The firm said five rigs - comprising a well-intervention semisub, a harsh-environment semisub and three jackups (two units of Pacific Class 400 rigs and one unit of F&G 3000N jackup) achieved initial revenue recognition in 3Q 2013. This contrasted with only one jackup in the corresponding period in 2012. There was however a 10 percent drop in revenue in the conversion and offshore sector to $218 million (SGD 271 million) in 3Q 2013, compared to $241 million (SGD 300 million) in the previous year. "The decline was due to timing in recognition of projects that achieved initial recognition and the value of the projects. For 3Q 2013, there was no initial recognition of project as compared with one major floating storage conversion (FSO) conversion in 3Q 2012," Sembcorp Marine said in a press release. Meanwhile, the company said the repair sector generated a 34 percent increase in revenue from $123 million (SGD 153 million) in 3Q 2012 to $164 million (SGD 204 million) in 3Q 2013.

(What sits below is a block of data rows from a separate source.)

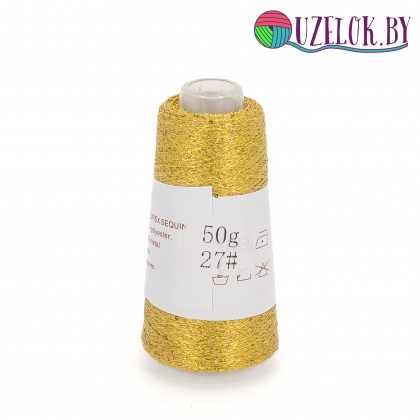 50% па, 50% люрекс+ микропайетки, Siyue, Lurex Sequins   1800м/50гр, горчично-золотой + пайетка золото, № 27
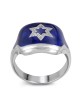 14K White Gold Star of David Ring with White Diamonds & Blue Enamel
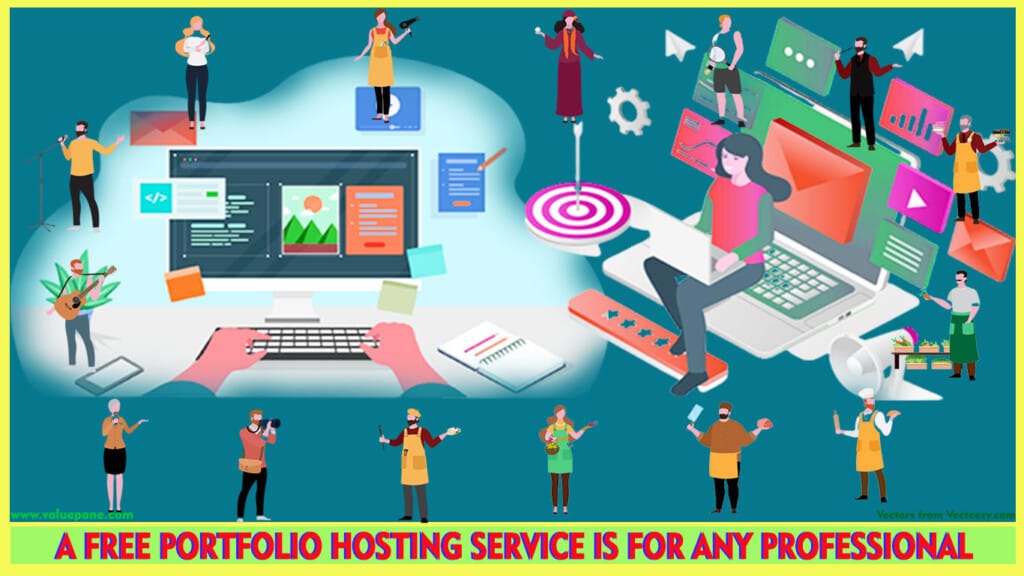 A vector graphic showing various professionals encircled around a girl offering portfolio hosting services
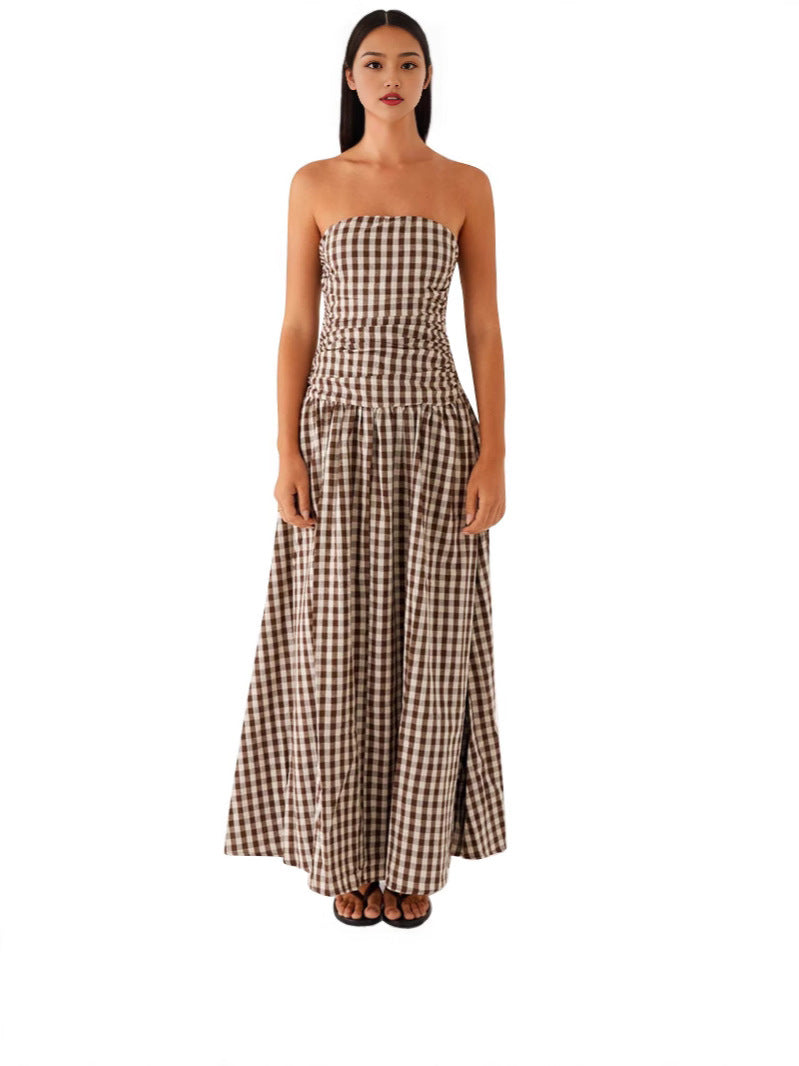 Elegant Printed Strapless Pleated Dress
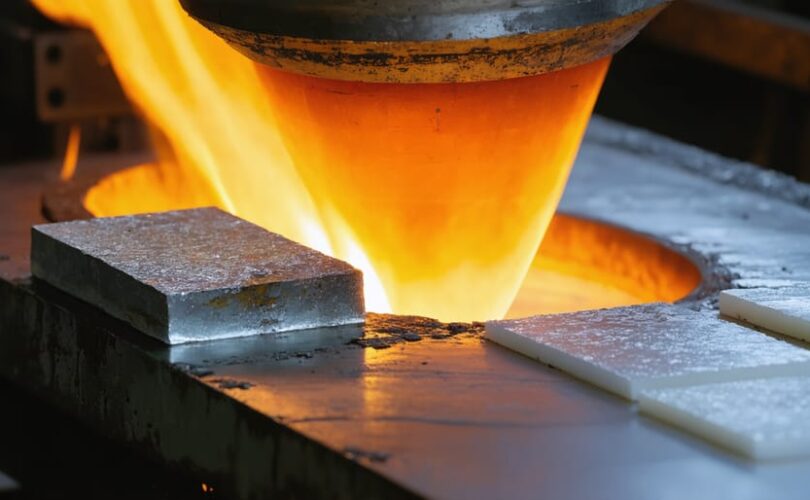 Monocrystalline silicon ingot being pulled from a glowing crucible in a cleanroom, with a polycrystalline silicon block and wafer slices blurred on a nearby stainless workbench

Overall, Sembcorp Marine recorded a 12 percent rise in net profit for 3Q 2013 to $104 million (SGD 130 million), compared with $93 million (SGD 116 million) in the same period last year. Looking ahead, Sembcorp Marine expects demand for high specification and ultra-deepwater rigs with advanced technical features to remain strong as "long-term industry fundamentals for the offshore and marine sector remain sound underpinned by exploration activities with increasing interests in harsh environment and field development programs." Separately, the firm's Sembmarine Integrated Yard @ Tuas commenced operations in August 2013. The yard has 4 Very Large Crude Carrier (VLCC) size drydocks with a total capacity of 1.55 million deadweight tonnes as well as finger piers and basin lengths totalling 2.4 miles (3.9 kilometers). The new yard is capable of undertaking floating, production, storage and offloading (FPSO) conversions as well as servicing a wide range of vessels, including VLCCs, new generation of mega containerships, liquefied natural gas (LNG) carriers, cruise ships, semisubmersible rigs, offshore vessels and fixed platforms.